Task brief:
Take the lines below from the one with "Ronaldo Madrid King" through the one with "Custom Trinbago Cricket" and retype them exactly. Include nothing else, and no pictures.

--- Data Enclosed Below ---

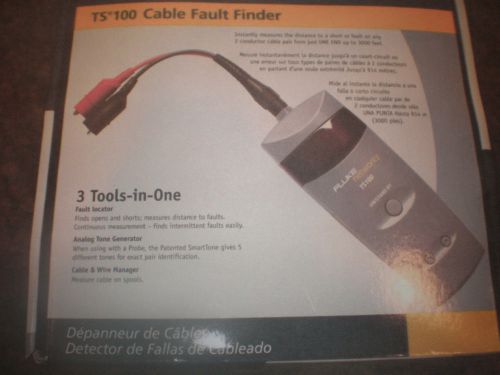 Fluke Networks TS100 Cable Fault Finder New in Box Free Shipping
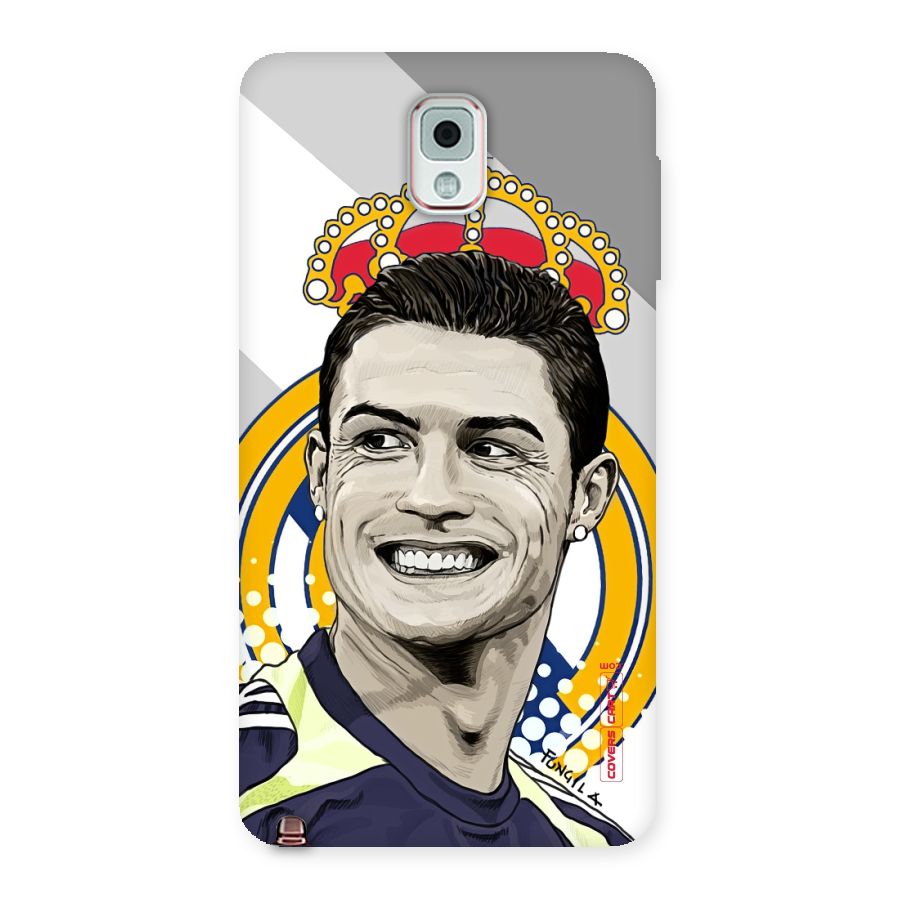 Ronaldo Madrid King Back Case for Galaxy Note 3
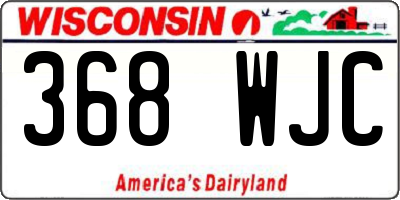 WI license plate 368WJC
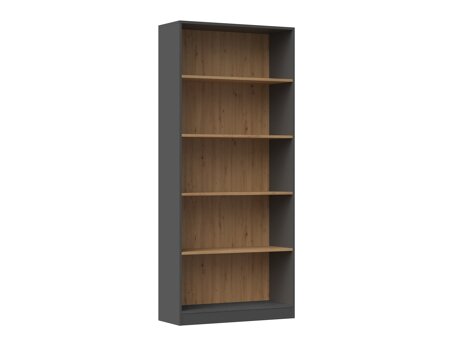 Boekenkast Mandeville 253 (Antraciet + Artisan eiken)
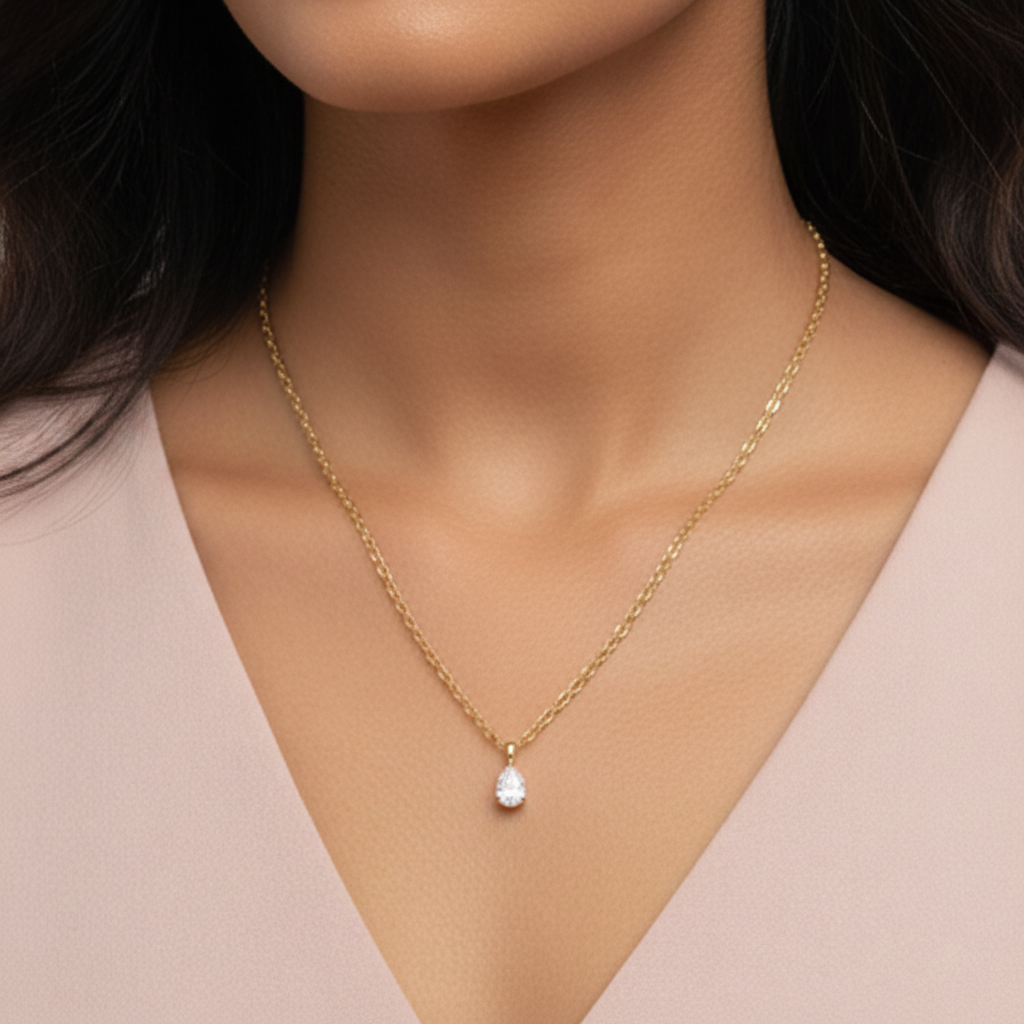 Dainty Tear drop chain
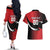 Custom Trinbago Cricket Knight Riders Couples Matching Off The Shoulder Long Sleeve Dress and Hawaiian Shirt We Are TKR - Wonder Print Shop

--- End of Enclosed Data ---
--- Data Enclosed Below ---

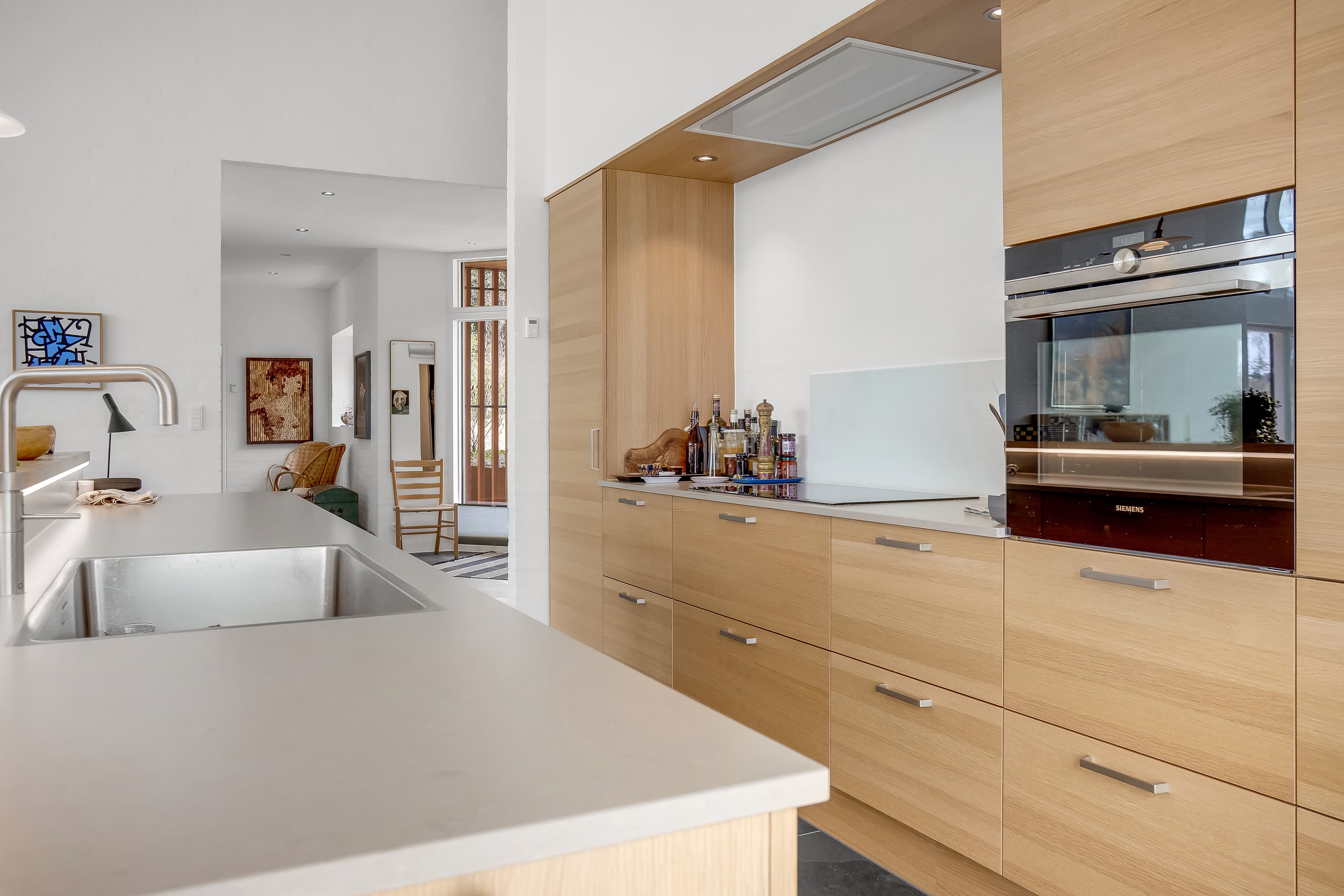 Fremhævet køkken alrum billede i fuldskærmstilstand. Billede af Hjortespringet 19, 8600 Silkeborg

--- End of Enclosed Data ---

Your solution:
 Ronaldo Madrid King Back Case for Galaxy Note 3
 WI license plate 368WJC
 Boekenkast Mandeville 253 (Antraciet + Artisan eiken)
 Dainty Tear drop chain
 Custom Trinbago Cricket Knight Riders Couples Matching Off The Shoulder Long Sleeve Dress and Hawaiian Shirt We Are TKR - Wonder Print Shop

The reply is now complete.